Galician and Asturian are hardly new. Also, I'm not sure how Inuktitut
or Kurdish serve usability purposes or are duplicates...
Mark
On 31/12/2007, Siebrand Mazeland <s.mazeland(a)xs4all.nl> wrote:
I have not seen a comprehensive overview of MediaWiki
localisation discussed on the lists I am posting this message to, so I thought I might
give it a try. All statistics are based on MediaWiki 1.12 alpha, SVN version r29106.
==Introduction==
*Localisation or L10n - the process of adapting the software to be as familiar as
possible to a specific locale (in scope)
*Internationalisation or i18n - the process of ensuring that an application is capable of
adapting to local requirements (out of scope)
MediaWiki has a user interface (UI) definition for 319 languages. Of those languages at
least 17 language codes are duplicates and/or serve a purpose for usability[1]. Reporting
on them, however, is not relevant. So MediaWiki in its current state supports 302
languages. To be able to generate statistics on localisation, a MessagesXx.php file should
be present in languages/messages. There currently are 262 such files, of which 16 are
redirects from the duplicates/usability group[2]. So MediaWiki has an active in-product
localisation for 236 languages. 66 languages have an interface, but simply fall back to
English.
The MediaWiki core product recognises several collections of localisable content (three
of which are defined in messageTypes.inc):
* 'normal' messages that can be localised (1726)

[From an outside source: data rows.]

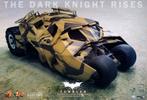 Hot Toys Batman Tumbler Camouflage 1/6, Ophalen, Zo goed als nieuw, Auto, Overige merken
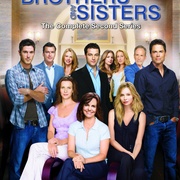 点击查看图片 兄弟姐妹 第二季 Brothers & Sisters Season 2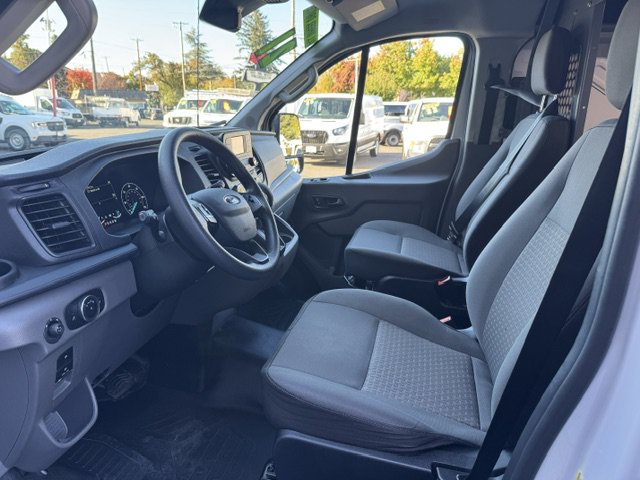 Used 2021 Ford Transit 150 Low Roof AWD image 7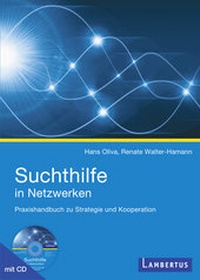 Enlarge image Cover: Suchthilfe in Netzwerken - Lambertus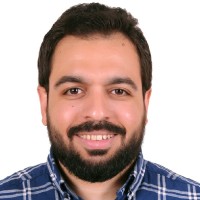 InfiniLink Employee Mahmoud Yousry's profile photo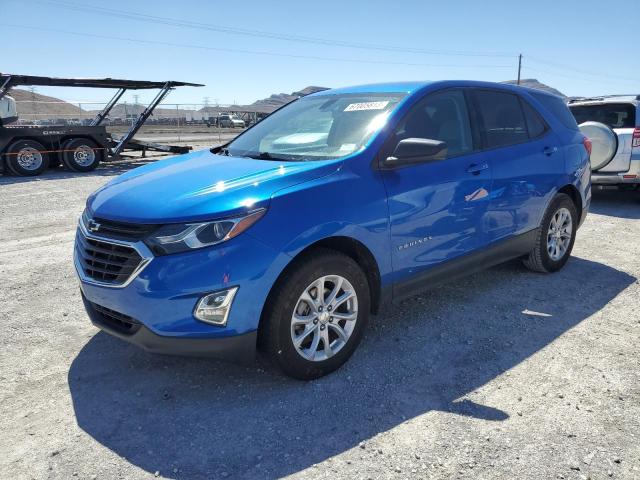 CHEVROLET EQUINOX 2019 3gnaxhev6ks628442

* optional messages that can be localised, which usually only happens for languages not
using a Latin script (161)
* ignored messages that should not be localised (100)
* namespace names and namespace aliases (17)
* skin names (7)
* magic words (120)
* special page names (76)
* other (directionality, date formats, separators, book store lists, link trail, and
others)
Localisation of MediaWiki revolves around all of the above. Reporting is done on the
normal messages only.
MediaWiki is more than just the core product. On
http://www.mediawiki.org/wiki/Category:All_extensions some 750 extensions have some kind
of documentation. This analysis will scope only to the code currently present in
svn.wikimedia.org/svnroot/mediawiki/trunk. The source code repository contains give or
take 230 extensions. Of those 230 extensions, about 140 contain messages that can be
visible in the UI in some use case (debugging excluded). Out of those 140, about 10
extensions have an exotic implementation for localisation localisation support at all
(just English text in the code). 10 extensions appear to be outdated. I have seen about 5
different 'standard' implementations of i18n in extensions. Since MediaWiki 1.11
there is wfLoadExtensionMessages. Not that many extensions use this yet for message
handling. If you can help add more standard i18n support for extensions (an overview can
be found at
http://translatewiki.net/wiki/User:Siebrand/tobeadded) or help in
standardising L10n for extensions, please do not hesitate.
==MediaWiki localisation in practice==
Localisation of MediaWiki is currently done in the following ways I am aware of:
* in local wikis: Sysops on local wikis shape and translate messages to fit their needs.
This is being done in wikis that are part of Wikimedia, Wikia, Wikitravel, corporate
wikis, etc. This type of localisation has the fewest benefits for the core product and
extensions because it happens completely out of the scope of svn committers. I have heard
Wikia supports languages that are not supported in the svn version. I would like to get
some help in identifying and contacting these communities to try and get their
localisations in the core product. Together with SPQRobin, I am trying to get what has
been localised in local Wikipedias into the core product and recruit users that worked on
the localisation to work on a more centralised way of localisation (see Betawiki)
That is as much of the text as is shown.